O tratamento que nós recebemos nos consultórios é uma variante de métricas atuariais, com a finalidade de nos retirar dos quadrantes em que os sinistros têm mais chance de ocorrer. Os profissionais da medicina se comportam mais ou menos como os operadores das bolsas de valores ou como os gestores de fundos de ações. Quanto aos hospitais, vão ficando parecidos com os bancos de investimento.

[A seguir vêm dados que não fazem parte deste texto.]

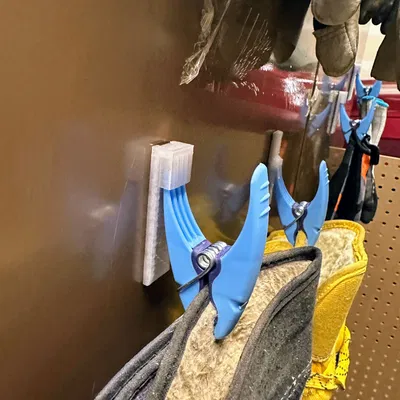 Kẹp găng tay từ tính cho gara làm việc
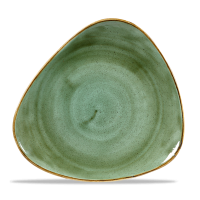 Churchill, Stonecast : Samphire Green - Teller flach dreieckig, 28,5 cm Churchill, Stonecast : Samphire Green - Teller flach dreieckig, 28,5 cm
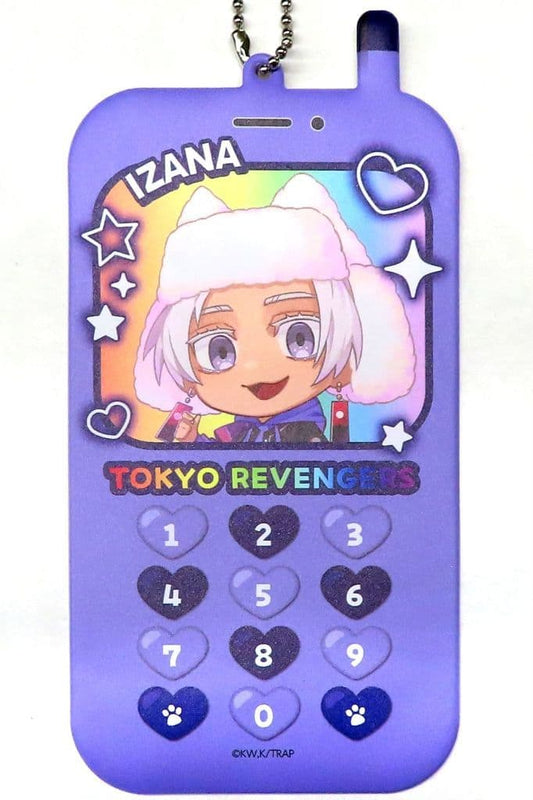 Izana Kurokawa Mini Character Tokyo Revengers Phone Style Keychain in Namja Town 2024 Limited Mini Game Takemichi's Training Roulette Prize A-12 Key Chain [USED]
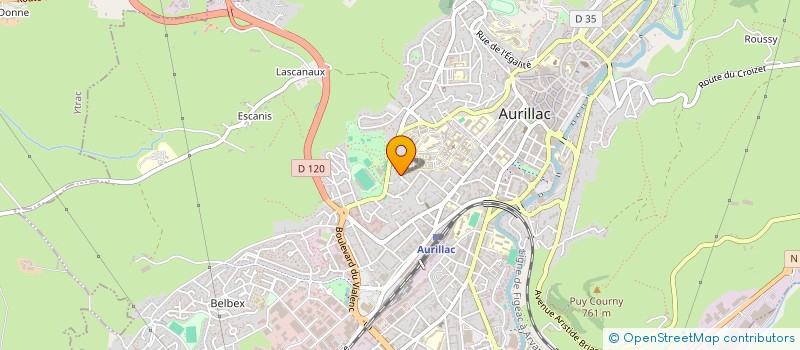 localisation de l'entreprise ASSO MUSIQUE D ARTISAN à AURILLAC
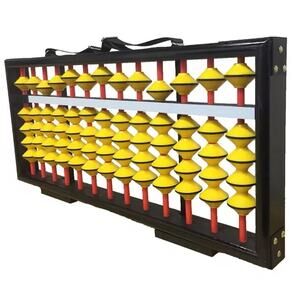Large Japanese Chinese Abacus Big Soroban Abacus For Teacher & Student 13 Digits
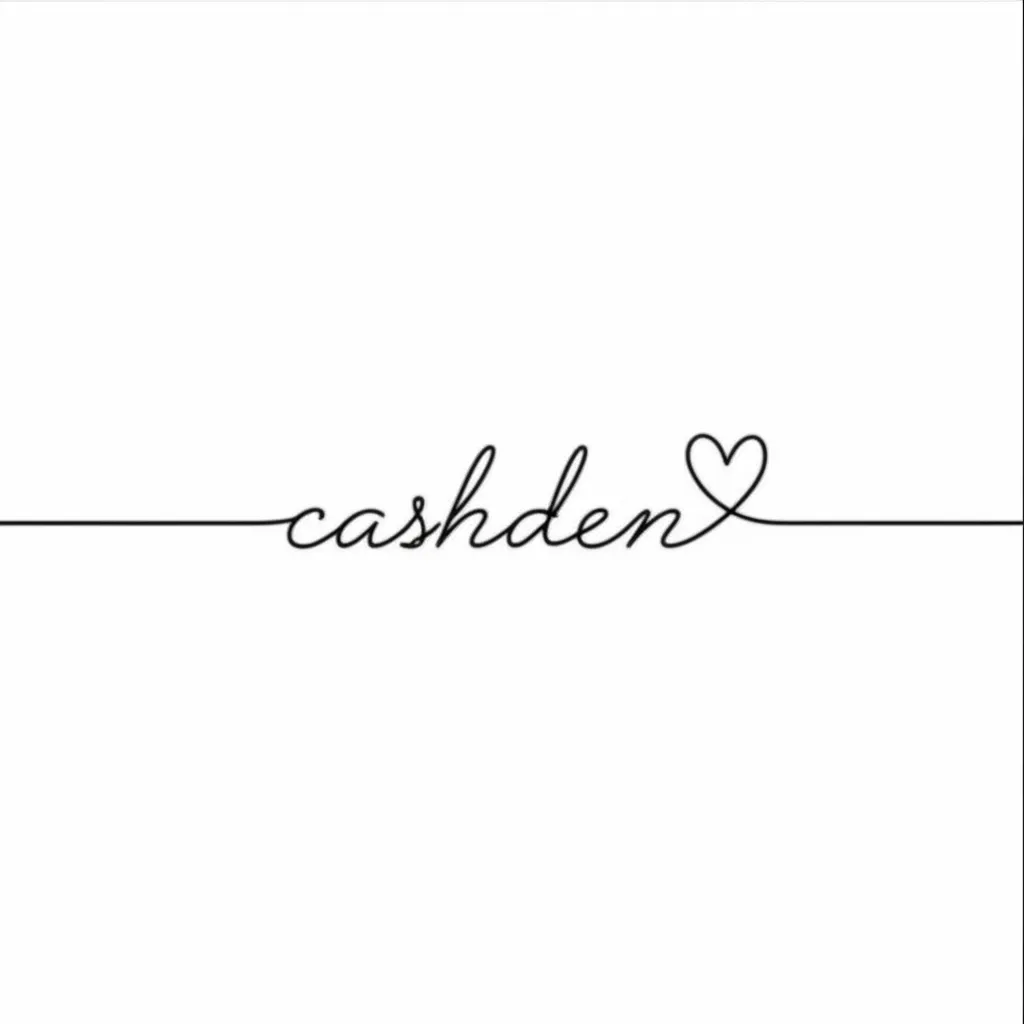 Cashden with Heart Minimalist Tattoo Design Cashden with Heart Minimalist Tattoo Design
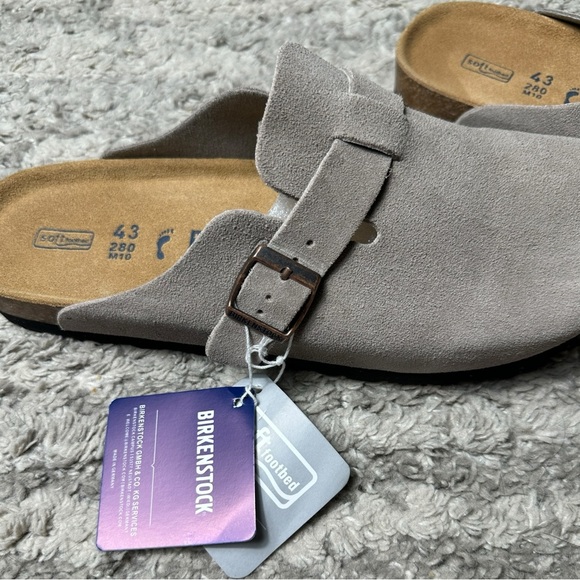 Birkenstock Boston Clog Taupe Soft Footbed Mens Size 8 9 9.5 10 10.5 11 11.5 - Picture 4 of 7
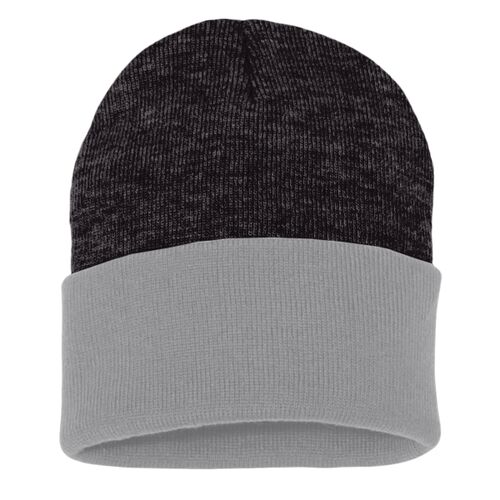 Colorblocked 12" Cuffed Beanie Thumbnail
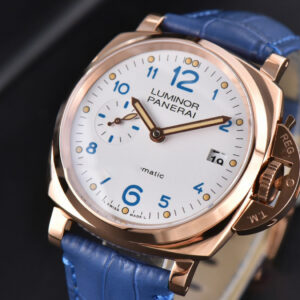 PAM756 Luminor Due VSF 42mm RG White Dial Leather Strap Asia XXXIV - Image 6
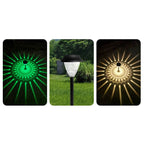 Premium Solar Waterproof LED Outdoor Garden Light - Circular Divergent Shadow Design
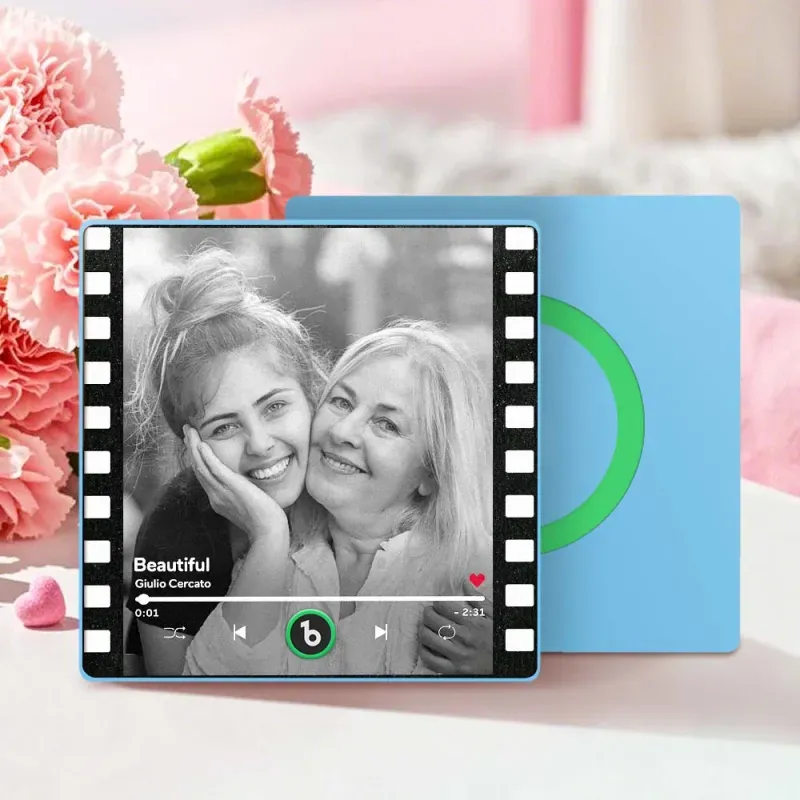 Mother's Day Gifts Custom Music Fridge Magnet Colorful Frame Album Fridge Magnet Can Play Songs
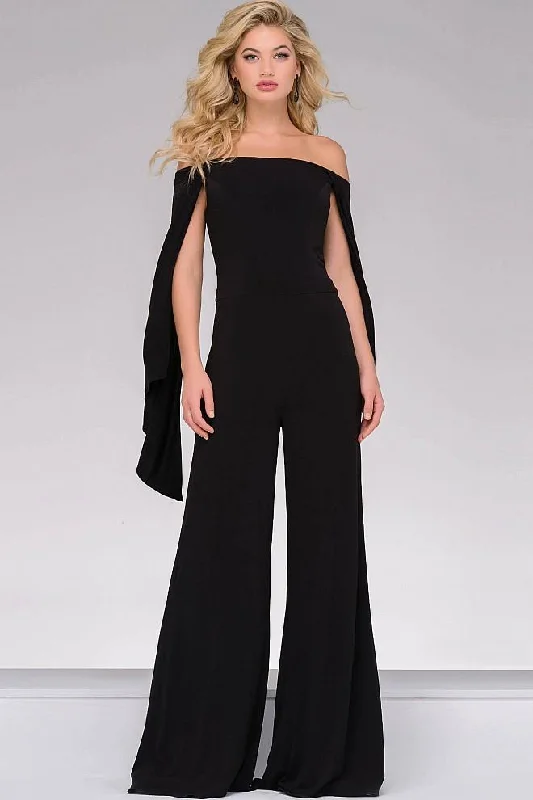 Jovani 39598 Off the Shoulder Jersey Jumpsuit 1 pc Black in size 6 Available Smocked unclassified dresses Jovani 39598 Off the Shoulder Jersey Jumpsuit 1 pc Black in size 6 Available Smocked unclassified dresses
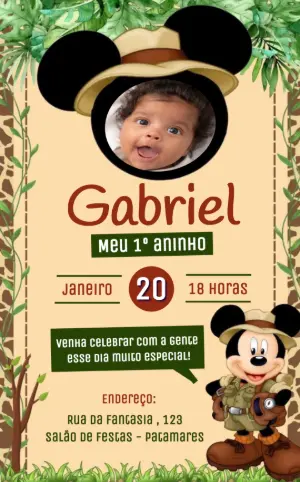 Safari Birthday Invitation – Static – PrestigioMkt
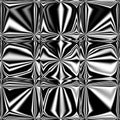 Polished Chrome Abstract Art Background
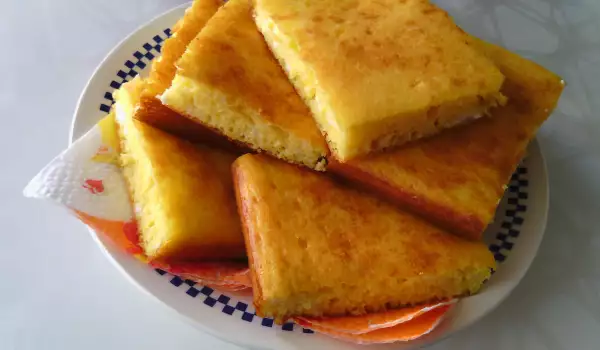 Breakfast with Cornmeal, Flour, Feta and Cheese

Trocando em miúdos (em zeros e uns), a incerteza é um bem (ou um mal) que se distribui de forma iníqua no mundo digitalizado: ela é maior, é imensa, é intransponível para os humanos que não são donos de fortunas, de grandes empresas ou do poder; ela é reduzida, bem administrada e lucrativa para os donos das companhias que valem bilhões ou trilhões de dólares e para os que comandam a máquina da política.
No mais das vezes, nós vemos essa iniquidade como uma fissura entre humanos e máquinas, mas, para dizer a verdade, estamos falando aqui de uma fissura entre classes sociais. A diferença é que os de cima, a elite da elite da elite, têm a propriedade da tecnologia, da qual extraem ganhos com a incerteza, enquanto os de baixo só perdem com ela. O nosso problema, enfim, não reside na tecnologia, mas nas relações de propriedade que a amarram.
*Eugênio Bucci é professor titular na Escola de Comunicações e Artes da USP. Autor, entre outros livros, de A superindústria do imaginário (Autêntica).